The two men exchanged punches, each blocking the other in an attempt to overpower the other, to win, to survive. Hand-to-hand combat is something no training can really prepare for, as it is a battle of nerves; the first person to make the slightest mistake or miscalculation is the one that dies. There was no room to think or to strategize, but only to react, to trust your instincts.
When the guard thought he had a clear path to land a proper punch, Jack lunged to the side and grabbed him in a chokehold. The guard was a strong, muscular individual, but after a few seconds his body gave in, and Jack snapped his neck. The sound of bone cracking was muffled by Jack’s groan and the footsteps coming up the stairs. Quickly recollecting himself, Jack hid behind the wall, estimating that about a half dozen men were converging on his location. Their footsteps subsided, coming in slow taps as they carefully threaded around the room, trying to find the alien in their midst. Their flashlights danced in the darkness, the steady streams of light moving about as if they were there for a movie premiere. One stream focused straight, the man behind it heading into the room where Jack was hiding. He slowly slid down against the wall and pulled a corner bending rifle from his rucksack and put it to the side. He stood up in the same slow fashion, waiting for the man to come into the room. Then he jumped on him and put him in a chokehold, but before he could even grasp properly, the men in the first room let the bullets fly, killing their colleague. Jack dropped the body and grabbed his rifle. He checked that the gun was loaded, cocked it, and bent it around the corner. His EMP had fried the technology needed to operate the gun, but in his mind he knew where the men stood as he assumed that they were well-trained professionals.

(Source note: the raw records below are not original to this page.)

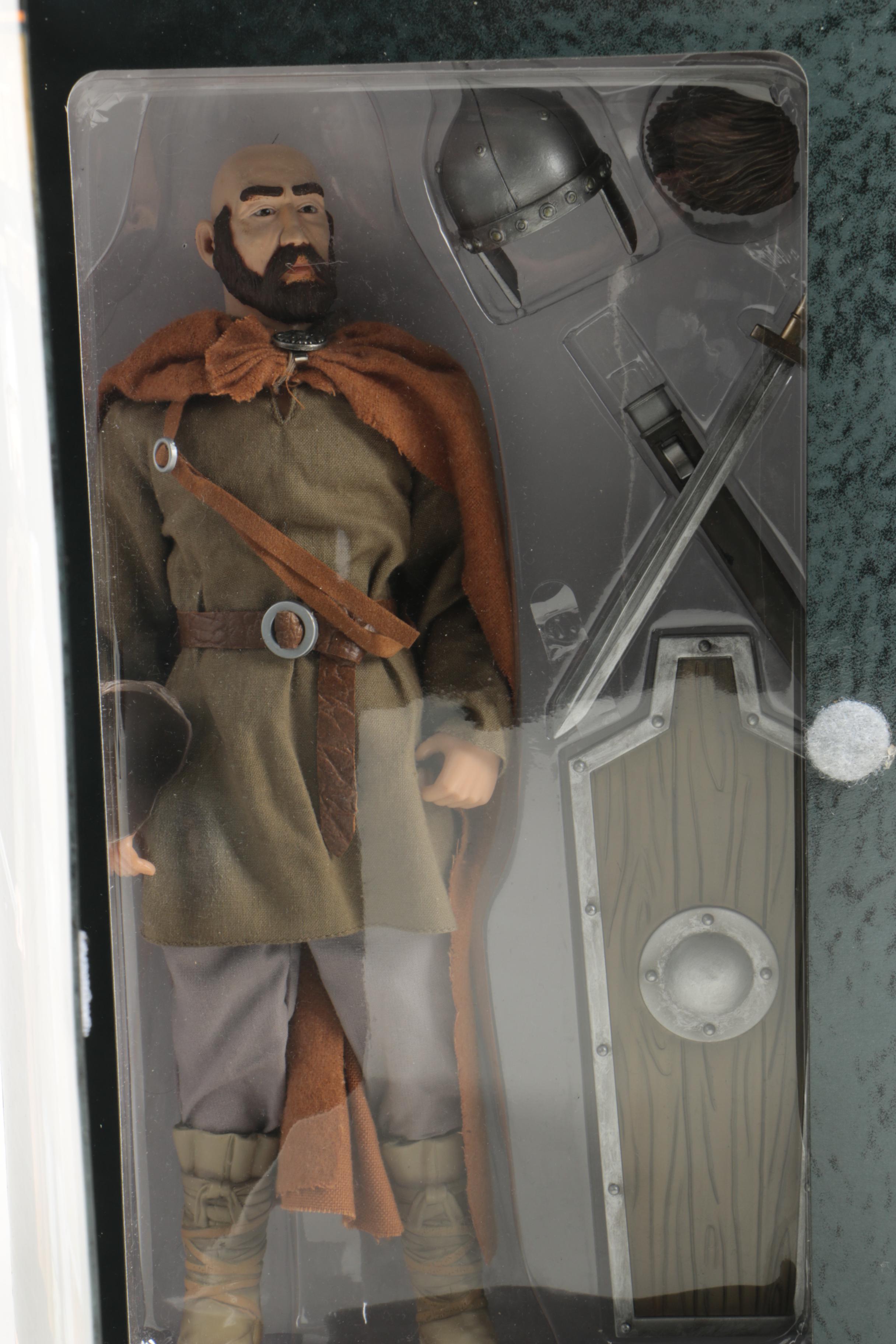 Dragon Made Historical Figures Action Figures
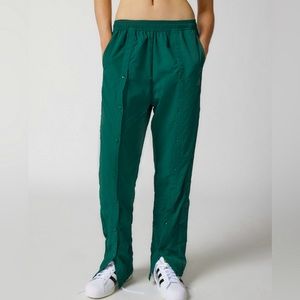 Adidas Trio Woven Track Pants with split hem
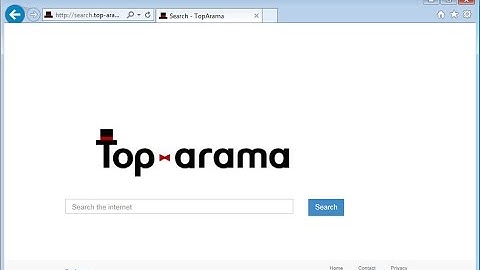 How to remove Search.Top-arama.com (Chrome, Firefox, IE)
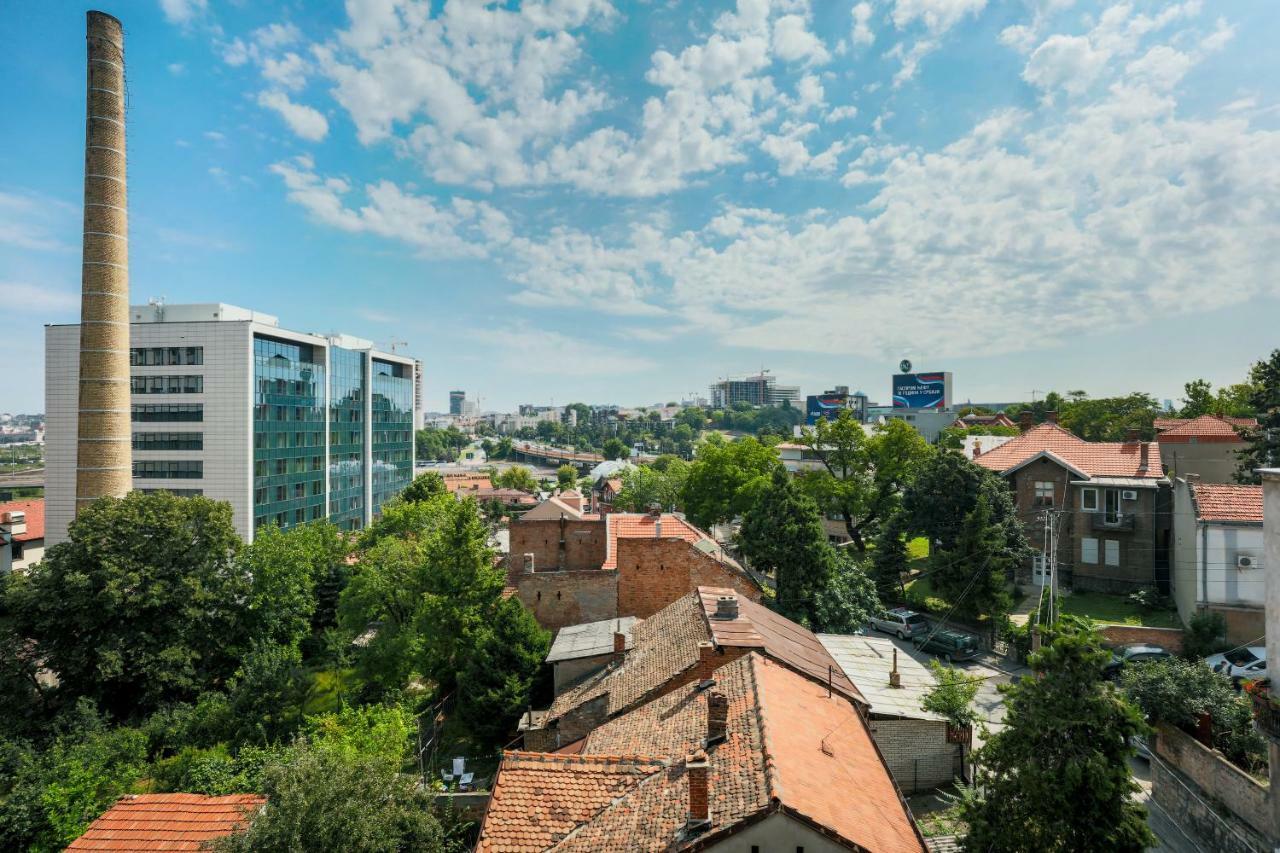 Apartman Gloria 2 Belgrad Zewnętrze zdjęcie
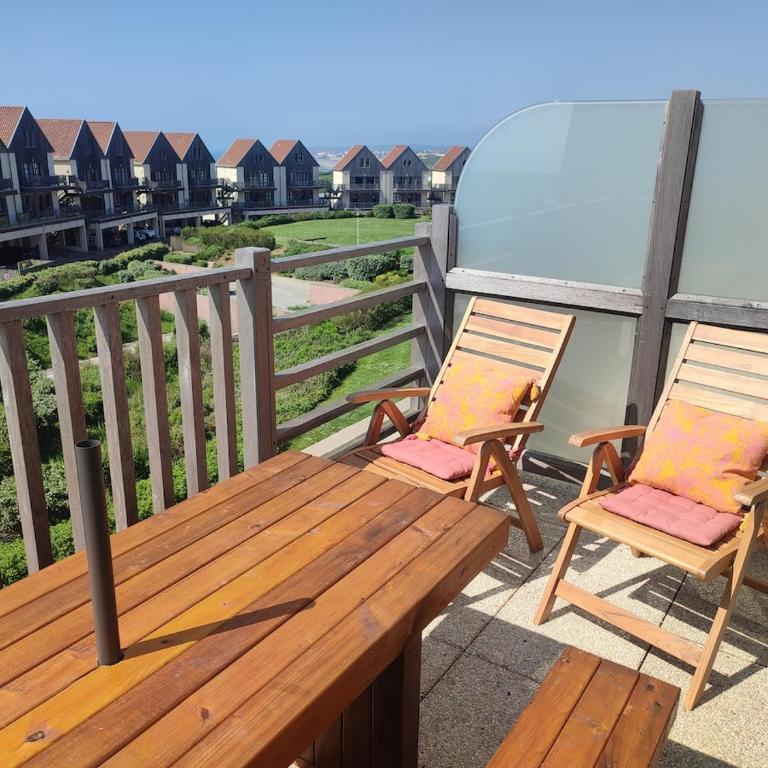 Magnifique duplex cosy avec vue mer Côte d'Opale - Apartment mit 1 Schlafzimmer - 36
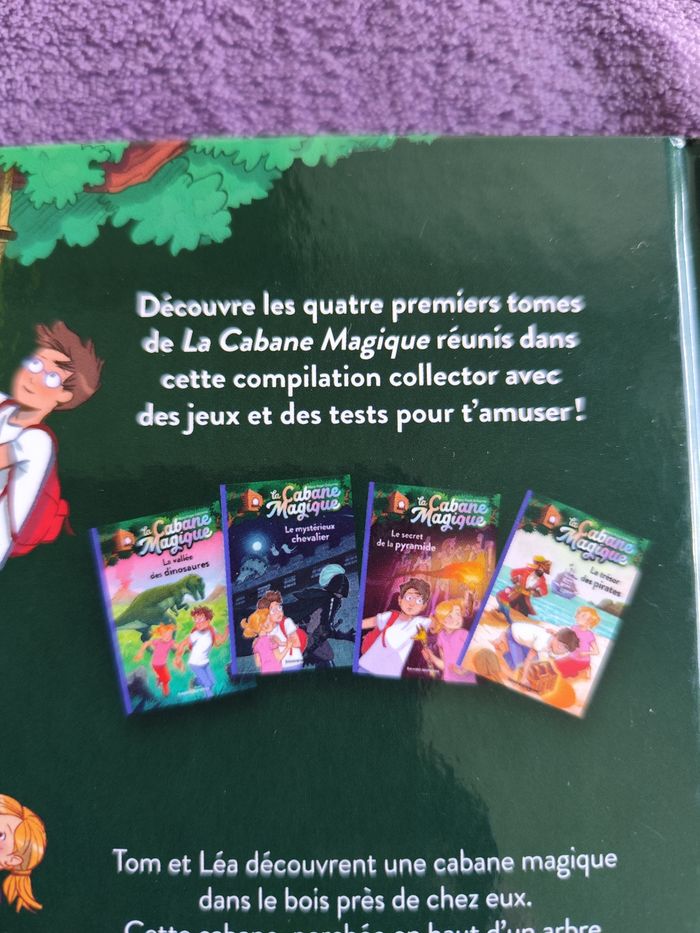 La cabane magique compilation tomes 1 à 4 collector - photo numéro 4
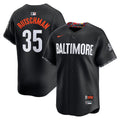 Adley Rutschman Baltimore Orioles City Connect Jersey - Black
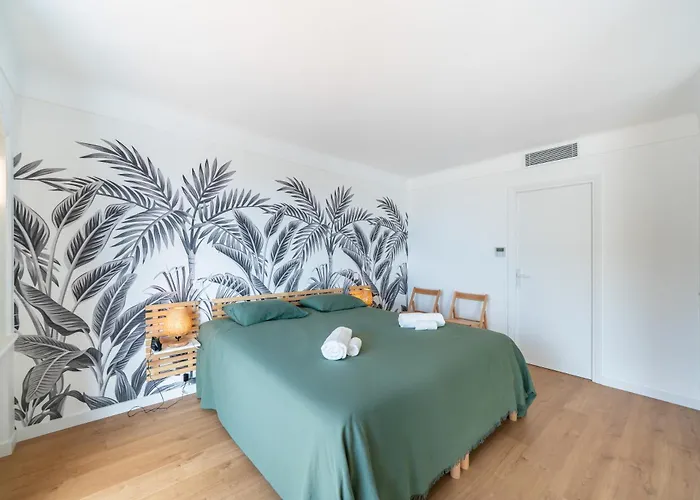 2 Pieces Proche Centre - Vue Panoramique - Toit Terrasse Lejlighed Cannes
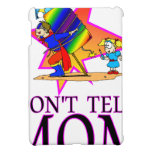 Don't tell MOM firework iPad Mini Cover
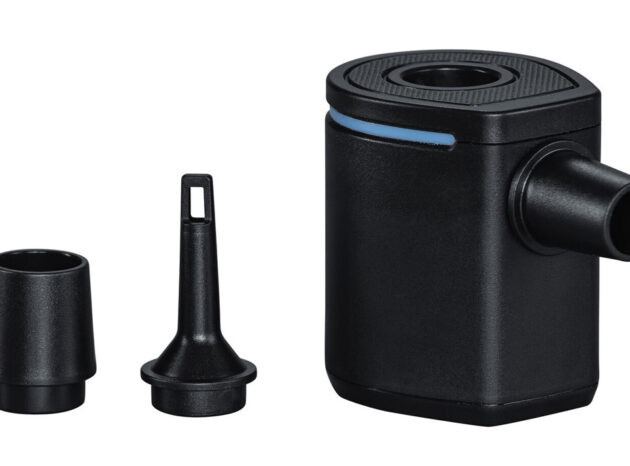 BESTWAY μίνι ηλεκτρική τρόμπα 62289, 90lt, 0.427PSI, USB-C, μαύρη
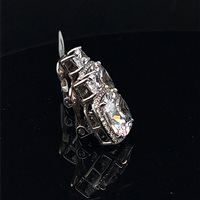 Earrings Ultima Edizione Woman Classic in Silver OAO6748 - OAO6748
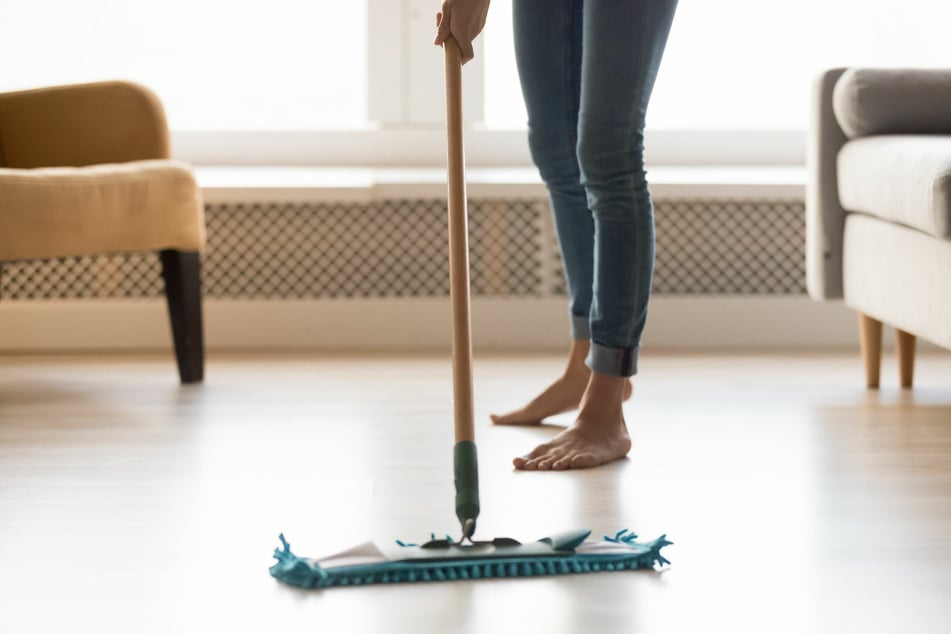 Laminat reinigen: Wie putze ich den Boden richtig sauber?
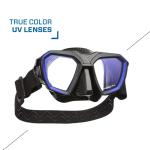 Scubapro D-Mask Scuba Diving Mask, Black Skirt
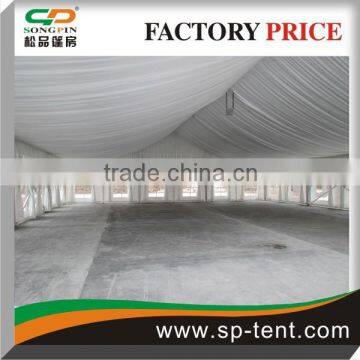 High top winter events tents with several pagoda tents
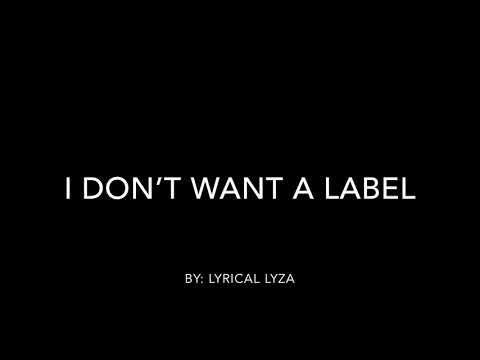 Lg izz - No Label (Lyric Video)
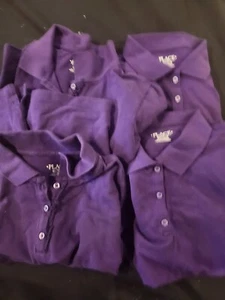 Childrens Place Purple School Uniform Shirts - Picture 1 of 2
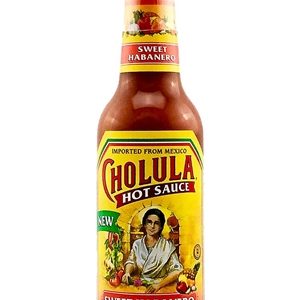 Cholula Sweet Habanero Hot Sauce, 5oz.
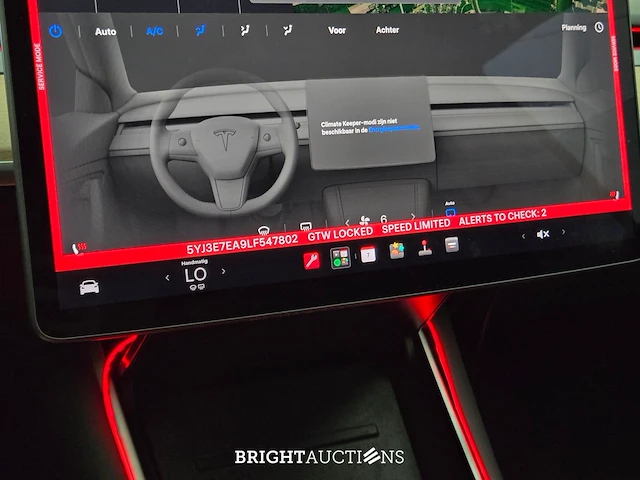 Tesla model 3 standard rwd plus 60 kwh 238pk 2019 (origineel-nl), g-240-rb - afbeelding 11 van  33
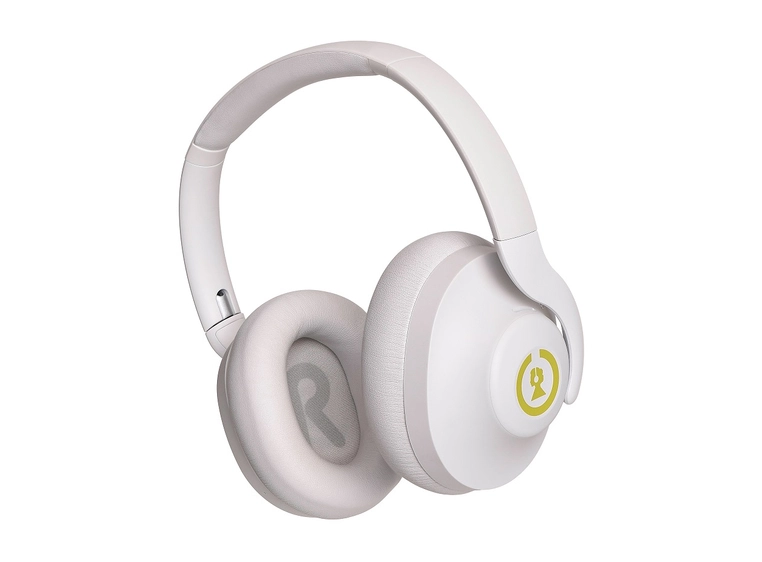 Soho 45's Hodetelefoner Hvit, støyreduserende 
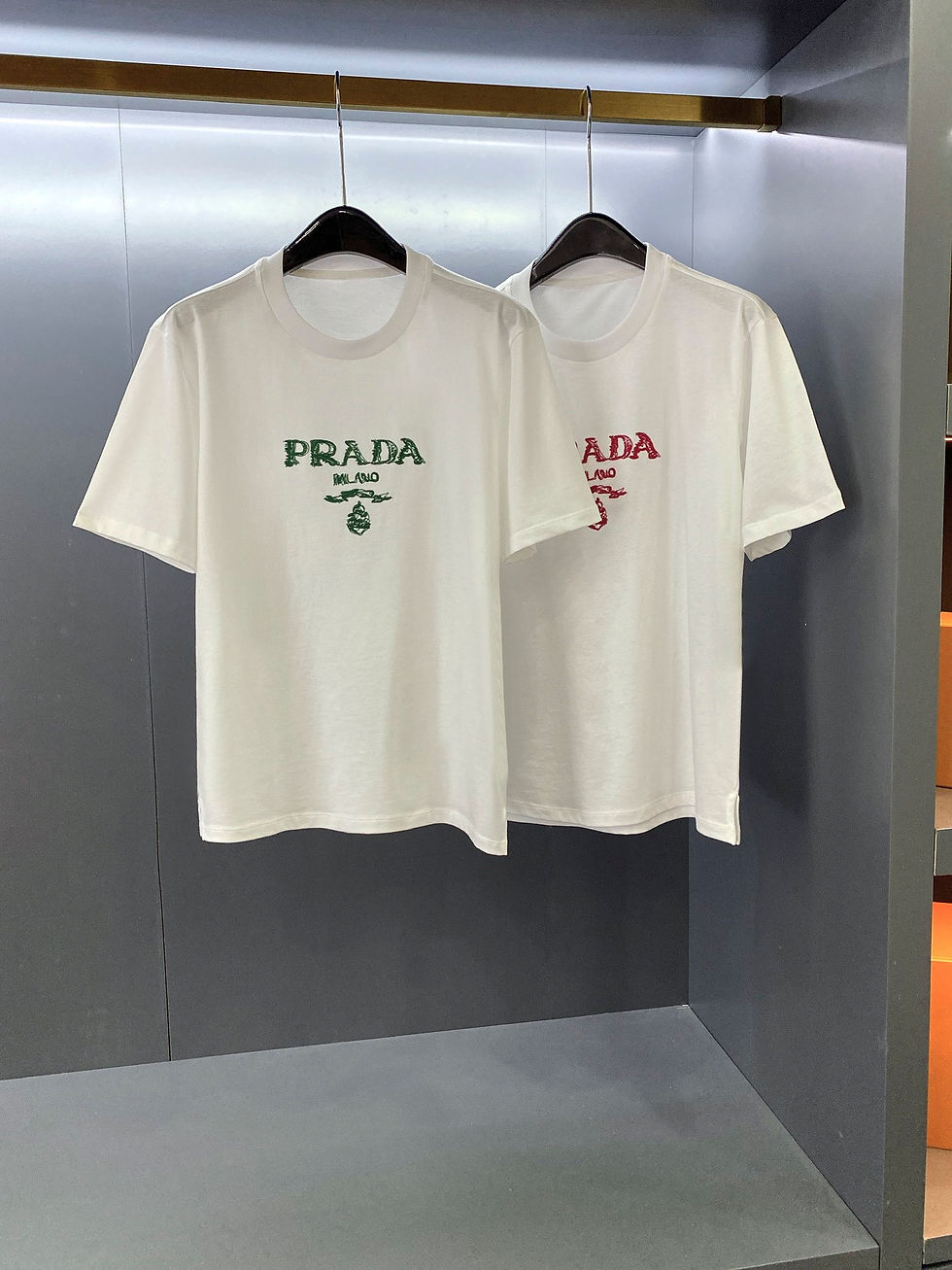 프*다 코튼 반팔 티셔츠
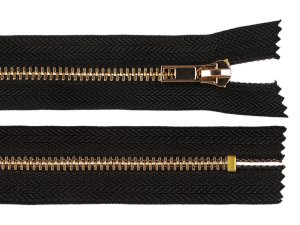 Kovový zip No 5 délka 20 cm (jeansový)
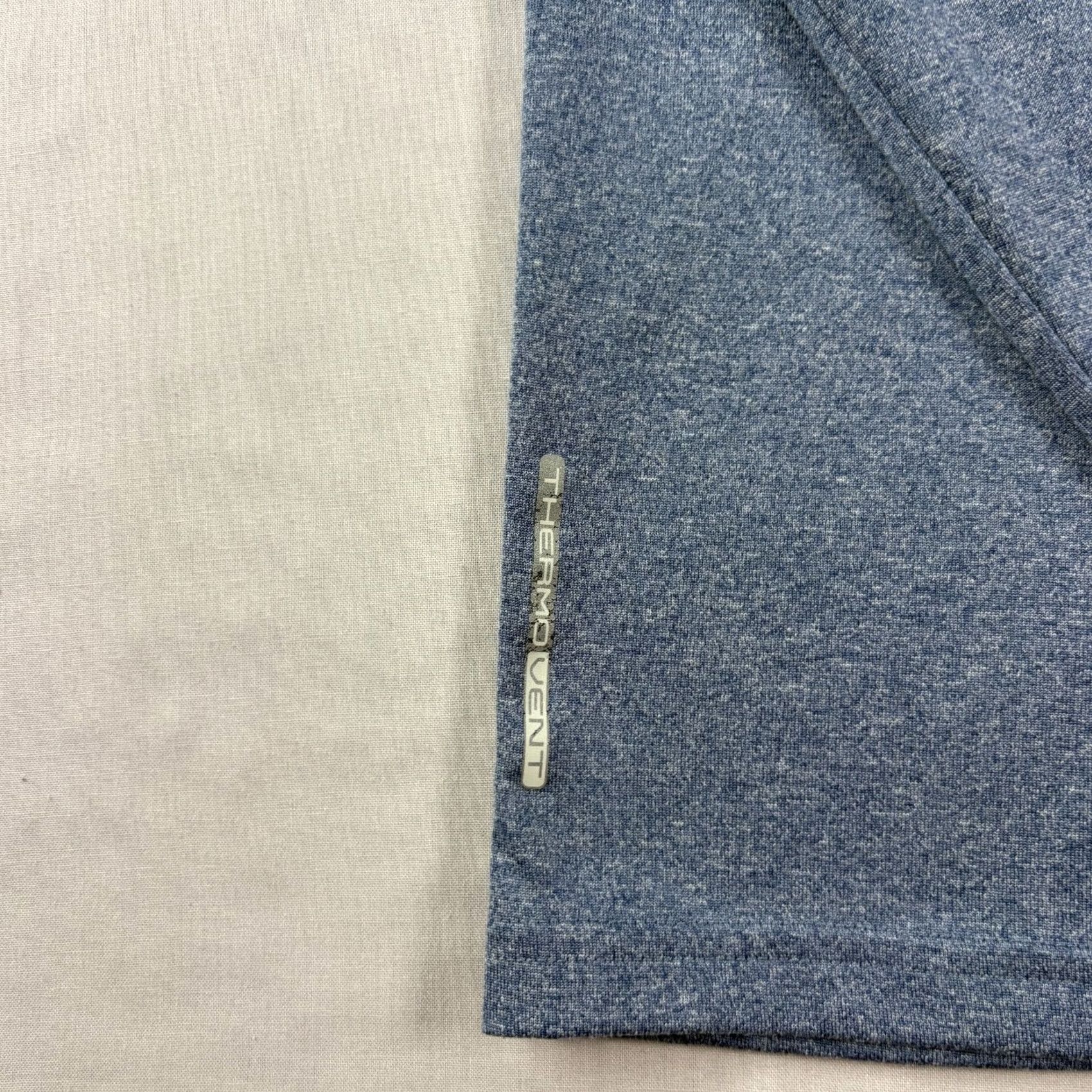 Polo Ralph Lauren Polo Ralph Lauren Sweatshirt Men Medium Blue Golf Pullover 1/4 Zip Stretch Sport Size US M / EU 48-50 / 2 - 2 Thumbnail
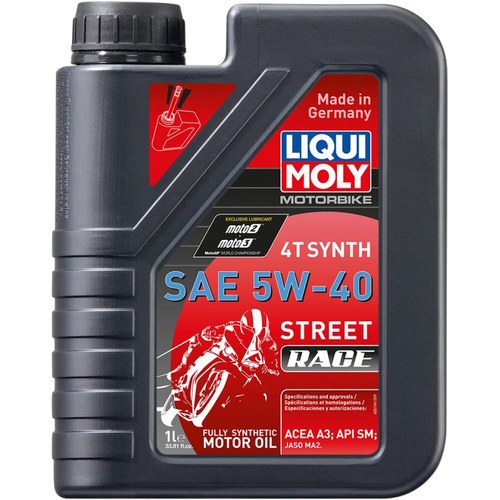 Liqui Moly Street Synthetic 4T Oil - 5W-40 - 1 L | 20074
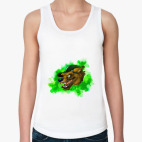 Женская майка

He extended his arm, aiming at the right side of the wall and let the bullets fly. He heard groans and he heard the bullets fired back at him. He dropped the rifle and grabbed the pistol, the flashlight over it, and he stepped from behind the wall, aiming his pistol at the heads, dropping down one, two, then three men, each with one bullet. As he switched his cover, someone shot at him, revealing that someone from the right side of the room was still very much alive.
“Hey, you, in the room,” Jack said. “Take your gun, take your dick, and get out of here. I am not here for you, but for your boss. I am just asking you to go, nothing more.” Nothing came in response. Jack knew that it was very much a long shot to try and talk to the man, yet he had to do it.
“Do you hear me,” Jack tried again. Because the man hadn’t responded, Jack knew that he was frightened, lacking confidence, and that his attempt to give the guard a way out had made him look weak in the guard’s eyes. There was no alternative.
He switched his cover again letting out a shot and lighting the whole room, seeing no sign of anyone. He stepped from behind the wall and lingered there, shining a light on the elegant leather sofa and a beautiful rug under a lovely glass table. In that moment, he heard shouts from the floor below, realizing that he had one last option. He pulled the pin from the grenade and waited, pressing the handle hard. The men were moving up the stairs fast, coming closer. He released the safety handle and counted. One, two, and then he threw the grenade. The very moment the men came into the room, screaming out for blood, they vanished in a fiery explosion.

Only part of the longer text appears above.